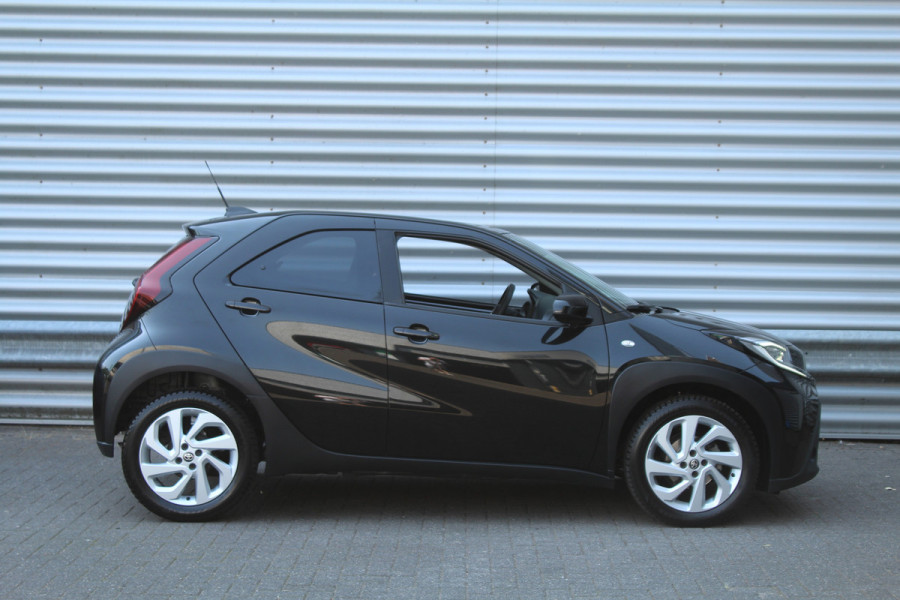 Toyota Aygo X 1.0 VVT-i 73pk MT first NL-Auto NAP 10 Jaar Garantie Clima Cruise Carplay Camera 17"LMV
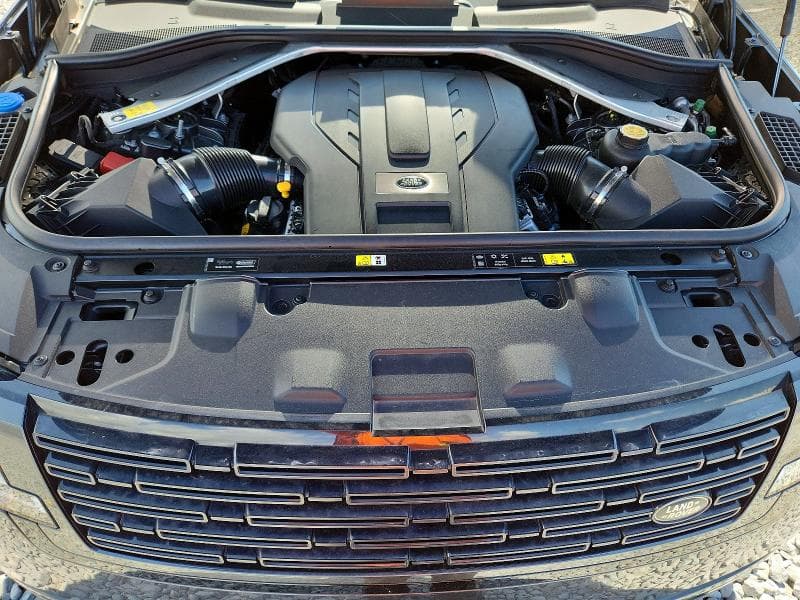 2023 LAND ROVER RANGE ROVER SE 12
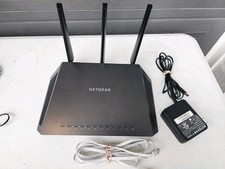 NETGEAR Nighthawk AC1900 Smart WiFi Router (‎R7000) - Good Working Router picture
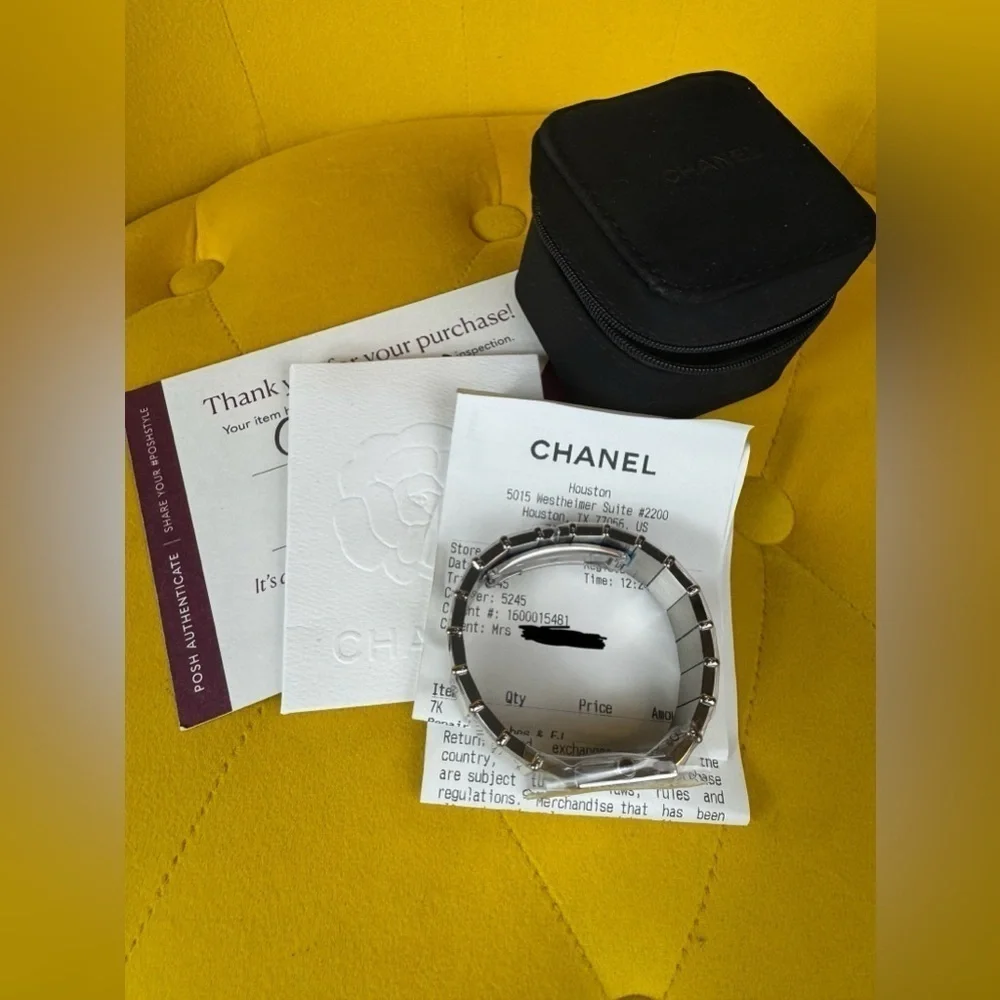 CHANEL sophisticated watch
++++++++
What you will do: Quote everything in the listing above exactly; pictures are the only thing to omit.

Exercise result:
 Toyota Aygo X 1.0 VVT-i 73pk MT first NL-Auto NAP 10 Jaar Garantie Clima Cruise Carplay Camera 17"LMV
 2023 LAND ROVER RANGE ROVER SE 12
 NETGEAR Nighthawk AC1900 Smart WiFi Router (‎R7000) - Good Working Router picture
 CHANEL sophisticated watch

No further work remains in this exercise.